“Let’s start with the bad,” said Valentin Pepeljugoski, the Managing Partner of the Pepeljugoski Law Firm in Macedonia, who reported that the strike of Skopje court administration employees that began at the end of May and still continues, is “not good for bar members.”
The strike, which started when administration employees were not included in the recent 35% salary increase received by judges, public prosecutors, and officials in the public prosecutor’s offices, is, according to Pepeljugoski, “really bad for the rule of law, for clients, etc.” He concedes, however, that the salaries of court administration “are really very low” — he called them "beneath human dignity” — and he emphasized that, “if you ask me I fully approve of the administration.” Matters considered “urgent” which can’t easily be postponed — including requests for injunctions, bankruptcies, and IP matters — are being heard, but the solo practitioners and smaller law offices that focus their practices heavily on litigation are being really hurt by the delay in most matters. Business law firms like his, Pepeljugoski says, are better able to weather the storm.
Otherwise business in Macedonia is as good as it can be in the circumstances, Pepeljugoski says, “although the political situation is not so good.” He refers especially to the energy sector as strong, as the country’s Competition Authority has begun a process of reviewing agreements in the sector very carefully, providing substantial work for lawyers. The Macedonian energy market is not a “free market,” according to Pepeljugoski, with only state-owned enterprises able to purchase energy from suppliers, who are often badly-positioned to sue because of badly-drafted agreements. He also notes that the banking sector is strong.

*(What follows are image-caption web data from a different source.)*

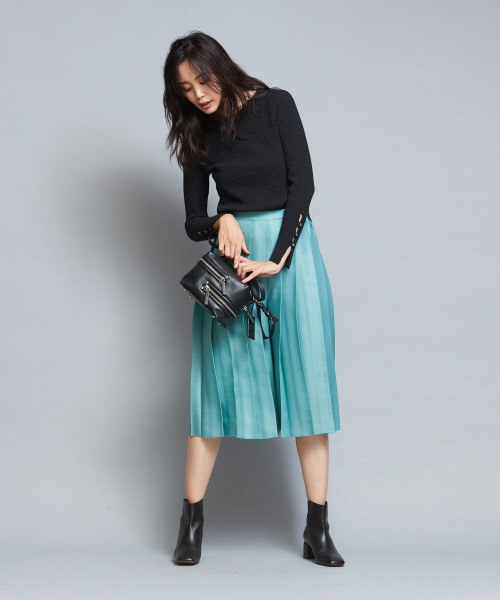 qualite（カリテ）の「ブライトプリーツパンツ（その他パンツ・レディース・ブルー/スミクロ/ベージュ・38）」の18枚目の写真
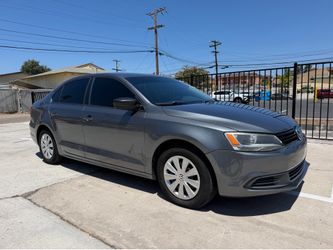 2014 Volkswagen Jetta 2.0 S – Clean Title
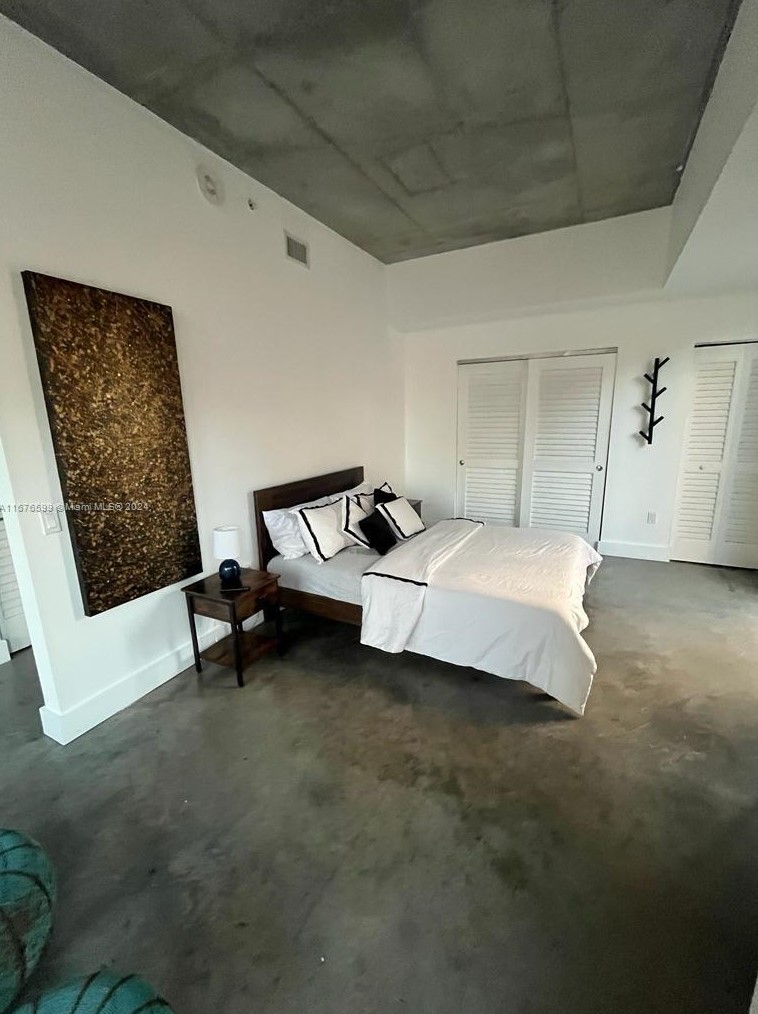 151 1st St, Miami FL 33132-2501 exterior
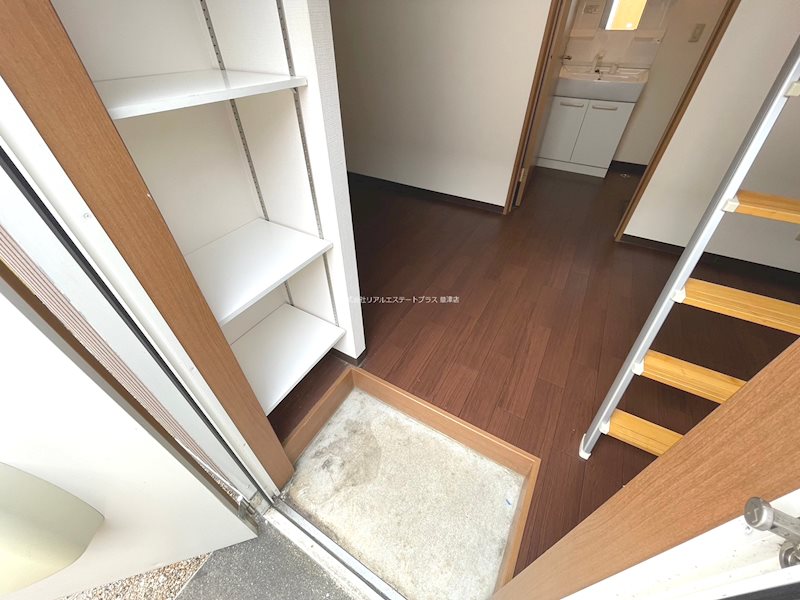 ウィルヴィレッジ一里山 玄関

Interestingly, he refers to an ongoing fight for market share among two trash collecting companies, which spills over regularly into the courts.

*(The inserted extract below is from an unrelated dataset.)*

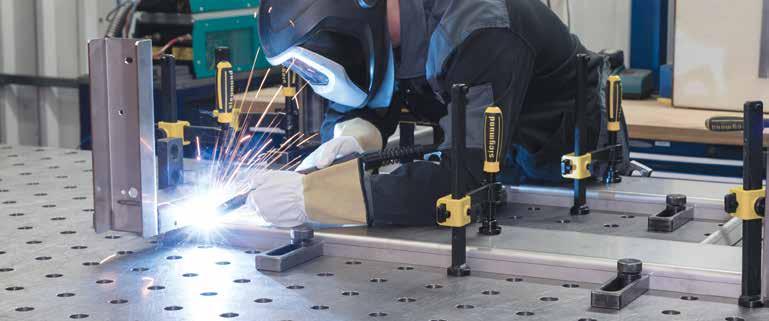 av en underkonstruktion ram för ett metallhölje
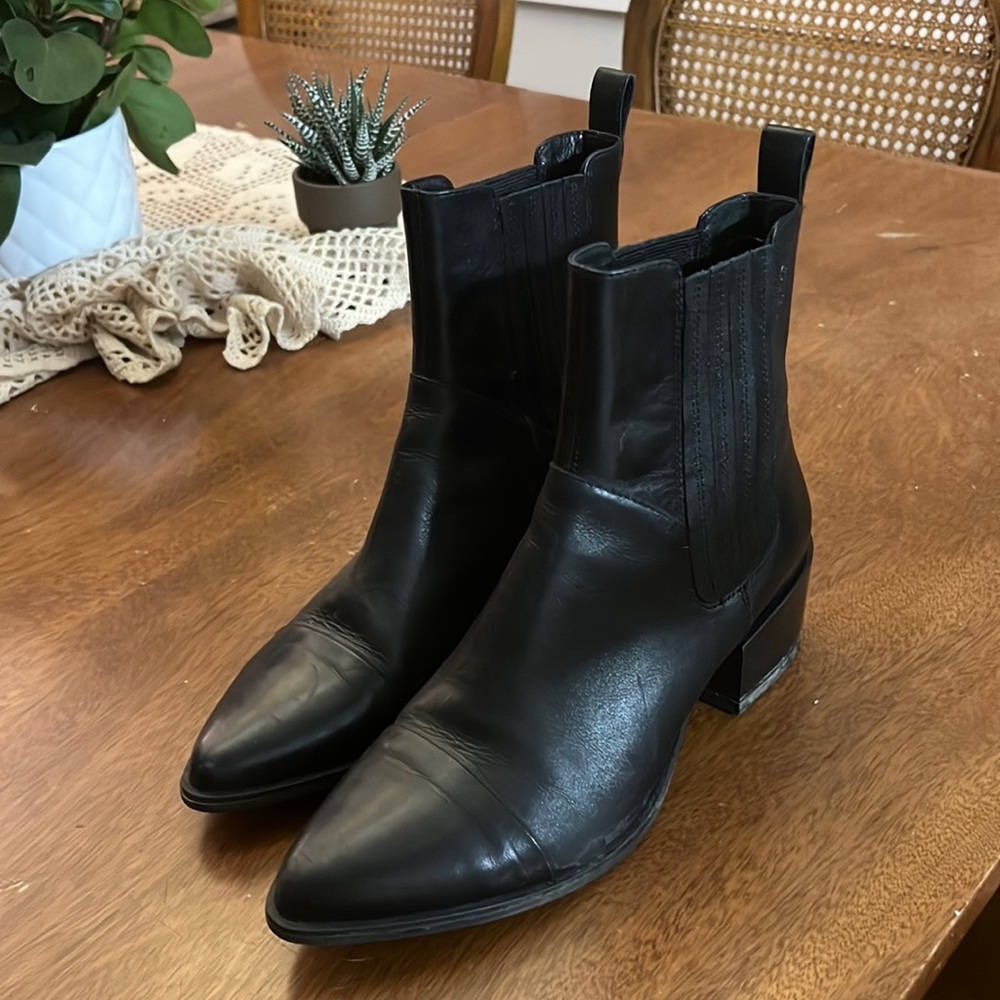Vagabond black pointed booties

Turning to the legal market in Macedonia, Pepeljugoski points out that there are no “big international firms” in the market, as “our law does not allow foreign lawyers to set up classical law firms here as founders,” though he notes that several regional law firms specialized in the former Yugoslavia have “consultant" offices in Skopje. The market is fairly stable, and a few local firms have sprung up recently, started by 2-3 young lawyers, but in his opinion the traditional firms still dominate the market.
Finally, Pepeljugoski noted, a new Civil Code is in the works and expected to be enacted sometime next year. “For me it is not necessary,” he sighed, “because we already have the the law.” He said the decision to create a new Civil Code in the country is following “a trend in CEE,” and said, “for me, it’s not a positive one.” He sighed. “It creates problems when you’re always amending, always revising."